CREATE EVENT SESSION [AlwaysOn_health] ON SERVER
ADD EVENT sqlserver.alwayson_ddl_executed,
ADD EVENT sqlserver.availability_group_lease_expired,
ADD EVENT sqlserver.availability_replica_automatic_failover_validation,
ADD EVENT sqlserver.availability_replica_manager_state_change,
ADD EVENT sqlserver.availability_replica_state_change,
ADD EVENT sqlserver.error_reported(
WHERE ([error_number]=(9691) OR [error_number]=(35204) OR [error_number]=(9693) OR [error_number]=(26024) OR [error_number]=(28047) OR [error_number]=(26023) OR [error_number]=(9692) OR [error_number]=(28034) OR [error_number]=(28036) OR [error_number]=(28048) OR [error_number]=(28080) OR [error_number]=(28091) OR [error_number]=(26022) OR [error_number]=(9642) OR [error_number]=(35201) OR [error_number]=(35202) OR [error_number]=(35206) OR [error_number]=(35207) OR [error_number]=(26069) OR [error_number]=(26070) OR [error_number]>(41047) AND [error_number]<(41056) OR [error_number]=(41142) OR [error_number]=(41144) OR [error_number]=(1480) OR [error_number]=(823) OR [error_number]=(824) OR [error_number]=(829) OR [error_number]=(35264) OR [error_number]=(35265))),
ADD EVENT sqlserver.lock_redo_blocked
ADD TARGET package0.event_file(SET filename=N'AlwaysOn_health.xel',max_file_size=(5),max_rollover_files=(4))
WITH (MAX_MEMORY=4096 KB,EVENT_RETENTION_MODE=ALLOW_SINGLE_EVENT_LOSS,MAX_DISPATCH_LATENCY=30 SECONDS,MAX_EVENT_SIZE=0 KB,MEMORY_PARTITION_MODE=NONE,TRACK_CAUSALITY=OFF,STARTUP_STATE=ON)
GO

This Extended Event Session monitors a number of critical events in the system but one of the problems with figuring out what exactly this Event Session is monitoring is to figure out what all the predicate values on the sqlserver.error_reported event are actually firing on.

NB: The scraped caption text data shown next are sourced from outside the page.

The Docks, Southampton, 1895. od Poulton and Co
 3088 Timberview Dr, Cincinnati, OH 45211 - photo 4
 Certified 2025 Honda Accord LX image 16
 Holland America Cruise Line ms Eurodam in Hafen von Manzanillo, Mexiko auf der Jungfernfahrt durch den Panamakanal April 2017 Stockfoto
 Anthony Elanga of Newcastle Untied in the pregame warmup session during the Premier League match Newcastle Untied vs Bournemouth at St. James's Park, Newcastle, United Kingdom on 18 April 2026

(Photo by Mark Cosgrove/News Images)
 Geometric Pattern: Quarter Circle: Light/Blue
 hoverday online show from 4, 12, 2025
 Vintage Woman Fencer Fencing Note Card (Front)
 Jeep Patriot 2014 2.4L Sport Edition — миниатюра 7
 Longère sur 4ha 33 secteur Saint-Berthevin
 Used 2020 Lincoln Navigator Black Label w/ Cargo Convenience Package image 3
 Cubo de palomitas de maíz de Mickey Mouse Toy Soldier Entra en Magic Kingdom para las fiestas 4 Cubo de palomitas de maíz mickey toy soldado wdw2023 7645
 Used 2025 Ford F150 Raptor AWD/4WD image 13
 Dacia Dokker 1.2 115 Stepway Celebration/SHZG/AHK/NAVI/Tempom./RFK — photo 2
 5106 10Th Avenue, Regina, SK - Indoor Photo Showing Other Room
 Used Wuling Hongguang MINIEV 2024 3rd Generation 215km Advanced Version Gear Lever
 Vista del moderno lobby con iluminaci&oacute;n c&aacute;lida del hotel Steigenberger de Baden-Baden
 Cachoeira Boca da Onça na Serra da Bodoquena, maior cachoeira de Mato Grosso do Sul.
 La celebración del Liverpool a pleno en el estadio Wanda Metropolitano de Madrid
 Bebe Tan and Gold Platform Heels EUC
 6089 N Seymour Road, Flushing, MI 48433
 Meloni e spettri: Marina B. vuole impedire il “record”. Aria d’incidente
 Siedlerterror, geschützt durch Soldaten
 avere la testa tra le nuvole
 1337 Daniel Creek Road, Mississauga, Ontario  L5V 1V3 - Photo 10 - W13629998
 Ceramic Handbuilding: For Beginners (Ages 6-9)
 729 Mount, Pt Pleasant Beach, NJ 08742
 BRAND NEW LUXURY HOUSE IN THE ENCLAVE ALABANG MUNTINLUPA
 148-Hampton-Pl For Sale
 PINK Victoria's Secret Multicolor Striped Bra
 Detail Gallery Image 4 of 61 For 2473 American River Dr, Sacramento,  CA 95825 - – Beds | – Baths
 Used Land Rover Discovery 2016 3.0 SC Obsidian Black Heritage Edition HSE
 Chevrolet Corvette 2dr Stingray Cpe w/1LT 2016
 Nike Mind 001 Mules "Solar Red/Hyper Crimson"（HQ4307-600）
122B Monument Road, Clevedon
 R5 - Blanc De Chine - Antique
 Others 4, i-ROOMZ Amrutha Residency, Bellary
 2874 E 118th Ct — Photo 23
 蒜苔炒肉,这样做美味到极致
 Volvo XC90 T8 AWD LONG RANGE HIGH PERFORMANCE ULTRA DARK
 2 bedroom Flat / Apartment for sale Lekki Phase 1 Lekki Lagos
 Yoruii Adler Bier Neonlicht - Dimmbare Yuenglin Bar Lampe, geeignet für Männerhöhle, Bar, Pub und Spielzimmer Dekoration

To that aspect of things, we can do a quick reuse of the predicate on this event be doing a replace SSMS on the [error_number] value with a replace for an alias to a query to sys.messages, on the message_id column from the DMV as follows:

SELECT message_id, severity, is_event_logged, text
FROM sys.messages AS m
WHERE m.language_id = SERVERPROPERTY('LCID')
AND (m.message_id=(9691)
OR m.message_id=(35204) OR m.message_id=(9693) OR m.message_id=(26024) OR m.message_id=(28047) OR m.message_id=(26023) OR m.message_id=(9692) OR m.message_id=(28034) OR m.message_id=(28036) OR m.message_id=(28048) OR m.message_id=(28080) OR m.message_id=(28091) OR m.message_id=(26022) OR m.message_id=(9642) OR m.message_id=(35201) OR m.message_id=(35202) OR m.message_id=(35206) OR m.message_id=(35207) OR m.message_id=(26069) OR m.message_id=(26070) OR m.message_id>(41047) AND m.message_id<(41056) OR m.message_id=(41142) OR m.message_id=(41144) OR m.message_id=(1480) OR m.message_id=(823) OR m.message_id=(824) OR m.message_id=(829) OR m.message_id=(35264) OR m.message_id=(35265) )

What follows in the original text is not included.